As such, knowing whether a business handles important data will influence the structuring of the enterprise’s network infrastructure and its data flows, as well as impacting its general compliance burden. Since the launch of the Cybersecurity Law in 2017, therefore, businesses in the PRC have searched for definitive indicators of what important data comprises. This guide should provide those details – but whilst it seems the standard gives us some, it certainly doesn’t provide all of the answers businesses would like
A framework approach – Further regional and industry guidance awaited
The national standard has been formulated as a framework that identifies the characteristics of important data.

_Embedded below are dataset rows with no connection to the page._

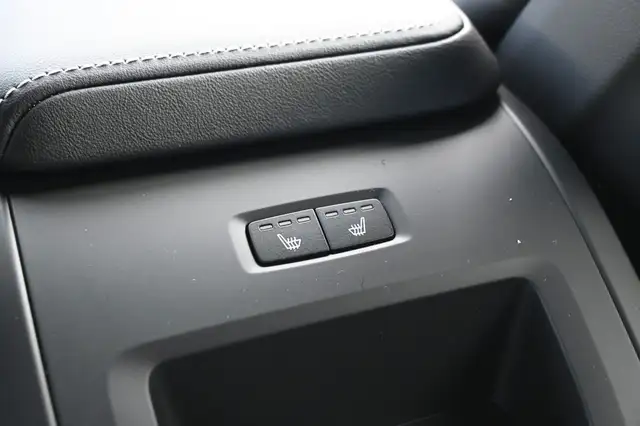 Volvo XC60 view 26
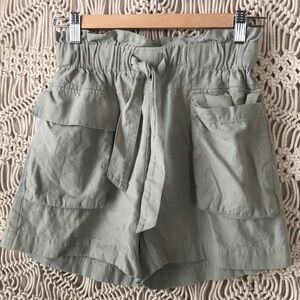 Sophie Rue light green high waisted drawstring shorts sz Small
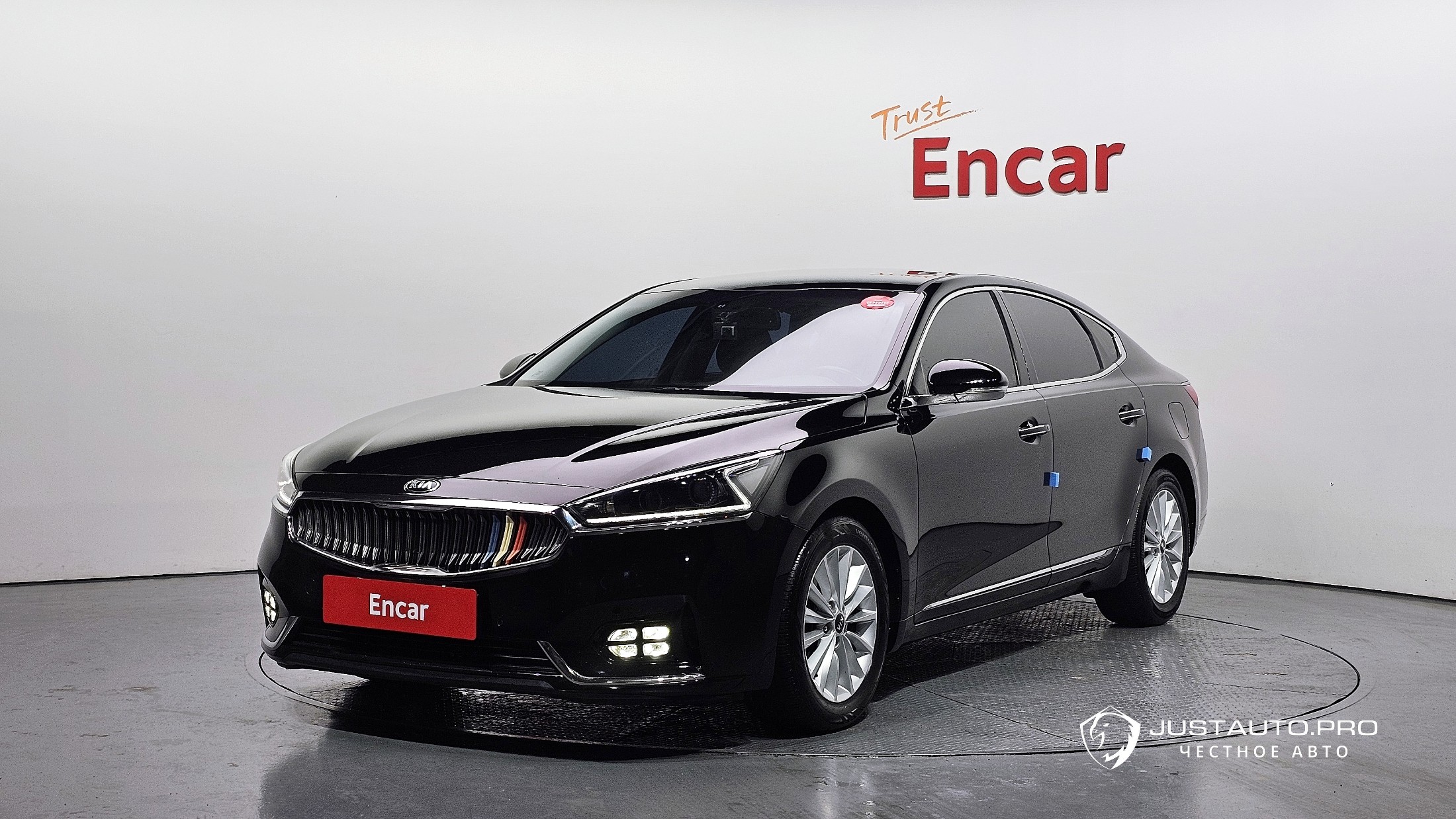 Автомобиль Kia K7
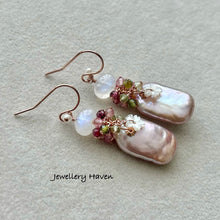 Charger l&#39;image dans la galerie, Iridescent lavender pearls, moonstone and tourmaline earrings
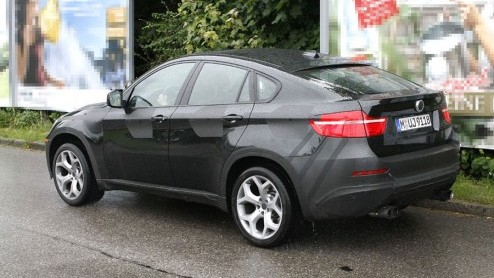 De spionagefoto's deden al even de ronde, nu is bekend dat de X6 in M-uitvoering er cht komt. BMW heeft uiteraard naast gespierde looks ook meer spiermassa in het vooronder voor ons in petto. Geen V1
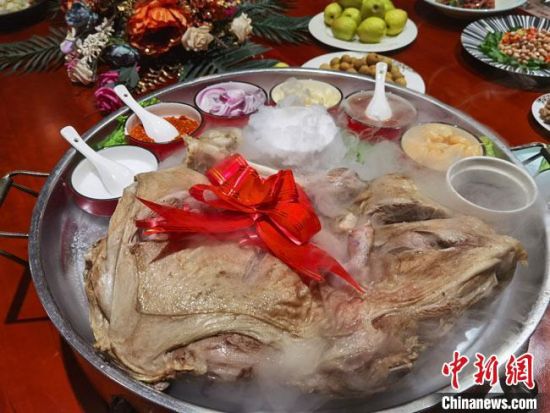 圖為酒泉美食“漢蒸全羊”。 馮志軍 攝 圖為酒泉美食“漢蒸全羊”。 馮志軍 攝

It then instructs (as prescribed by the Data Security Law) regional authorities and departments to apply that outline to further define the categories and characteristics of, and how to identify, important data in their respective regions and industries through their own standards and guidelines.
While the standard gives businesses a better idea of the relevance of important data to their operations, these subordinate standards and guidelines must be released before managers can know with confidence whether important data will have a real business impact on them. This wait may frustrate foreign-invested businesses that operate in China’s vast service sector, as these beneficiaries of the continuing opening-up of the world’s second largest economy would not expect to process data endangering national security.
However, unfortunately no timetable has been laid out for release of further guidelines. Almost certainly though, businesses must plan for updates being published after 1 November, such that any analysis and implementation measures to be made by them will not be able to run concurrently with those made for China’s Personal Information Protection Law (PIPL).
Local and sector rules still apply
As a corollary to the interplay among national, regional and industry guidelines, the draft standard states that its objective is not to re-write any existing rules at local or sector levels. Since “data containing user accounts or reflecting financial transactions” is no longer included, it seems that Fintechs, banks, securities companies and other financial institutions, for example, which already have industry standards to comply with regarding data categorisation, only need to look to the local and sector guidelines to understand how their data is regulated.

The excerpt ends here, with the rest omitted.